----- DATA SHOWN -----
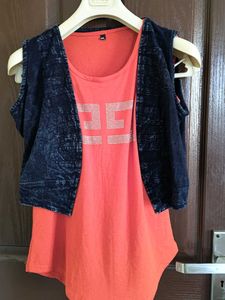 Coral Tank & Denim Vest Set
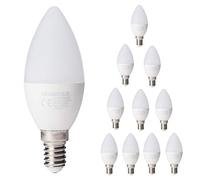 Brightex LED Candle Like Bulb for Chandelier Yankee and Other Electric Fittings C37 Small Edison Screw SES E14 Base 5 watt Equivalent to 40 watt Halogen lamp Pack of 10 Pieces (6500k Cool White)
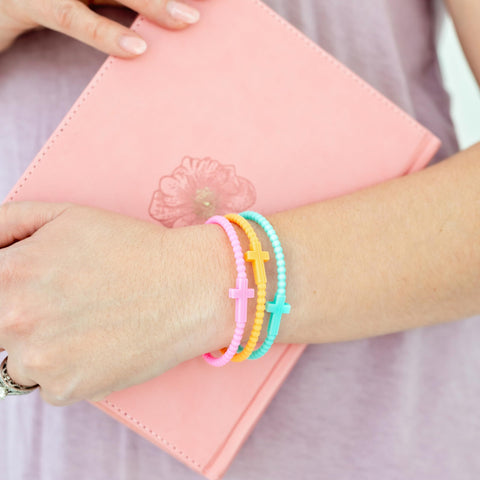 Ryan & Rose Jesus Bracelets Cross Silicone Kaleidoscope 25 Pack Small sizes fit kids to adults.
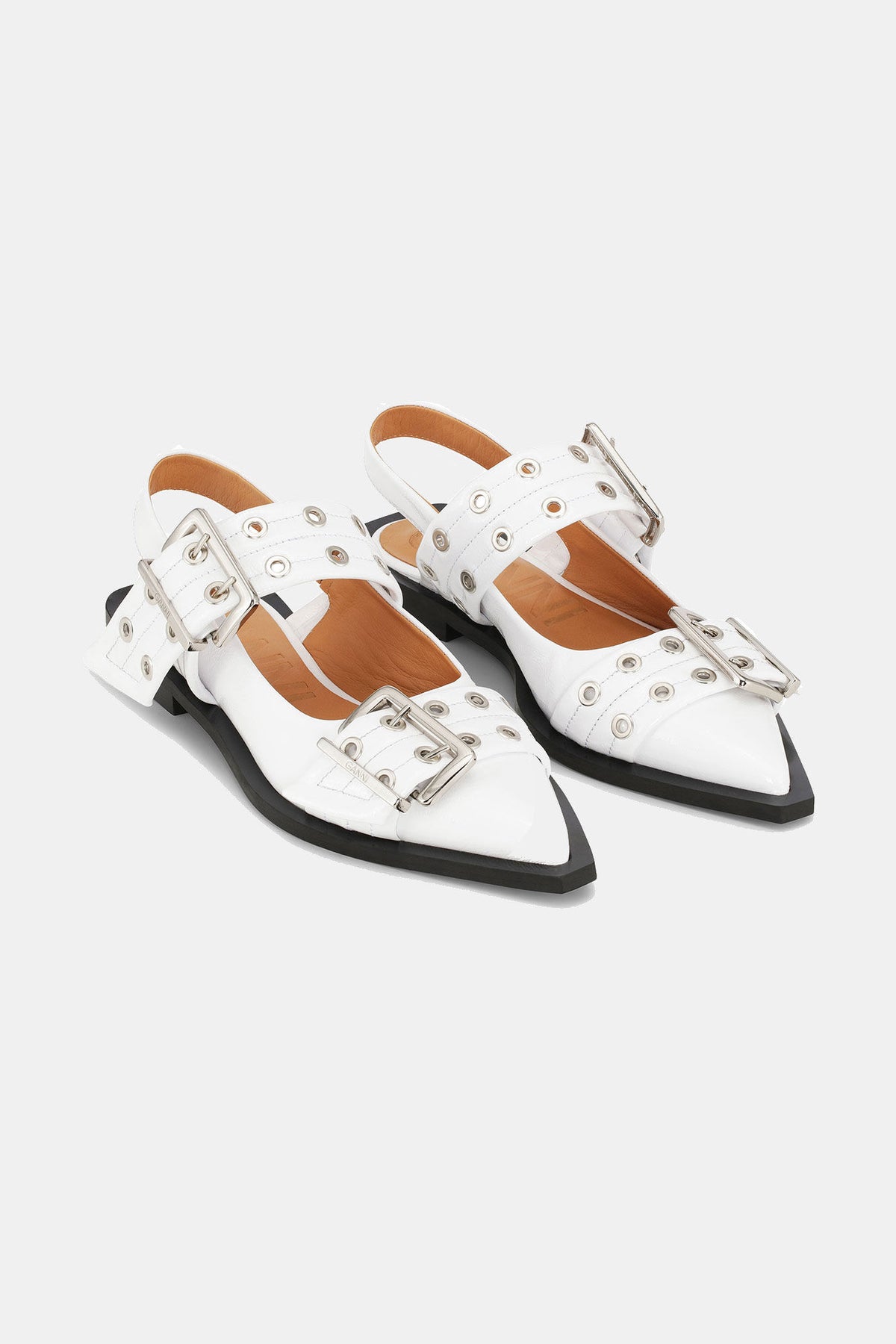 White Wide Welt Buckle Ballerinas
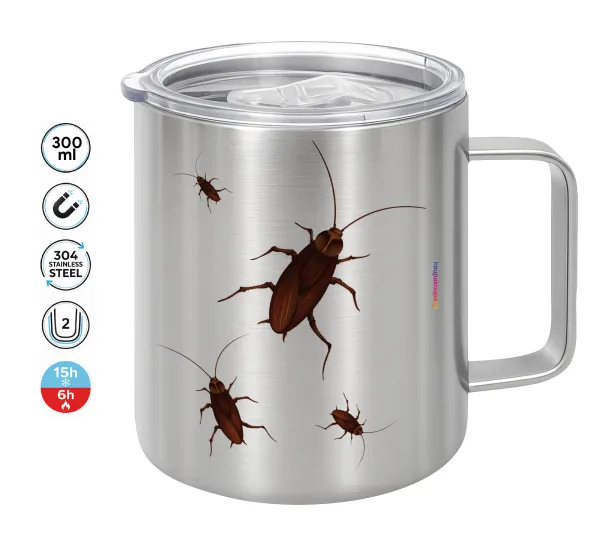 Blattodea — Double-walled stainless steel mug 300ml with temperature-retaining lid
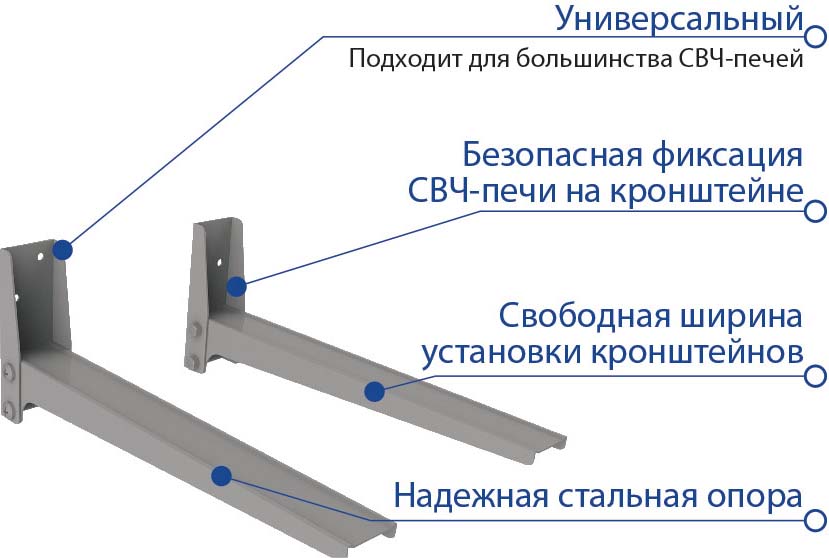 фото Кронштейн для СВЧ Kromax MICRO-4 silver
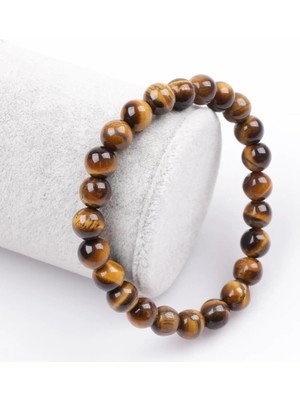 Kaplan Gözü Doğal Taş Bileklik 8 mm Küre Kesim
-----
▶ [PROBLEM DETAILS]: Only the lines from the first line of the entries through the line containing "White Wide Welt Buckle Ballerinas" should be output, exactly as they are, without pictures.

▶ [ANSWER FOR THIS EXERCISE]:
 Coral Tank & Denim Vest Set
 Brightex LED Candle Like Bulb for Chandelier Yankee and Other Electric Fittings C37 Small Edison Screw SES E14 Base 5 watt Equivalent to 40 watt Halogen lamp Pack of 10 Pieces (6500k Cool White)
 Ryan & Rose Jesus Bracelets Cross Silicone Kaleidoscope 25 Pack Small sizes fit kids to adults.
 White Wide Welt Buckle Ballerinas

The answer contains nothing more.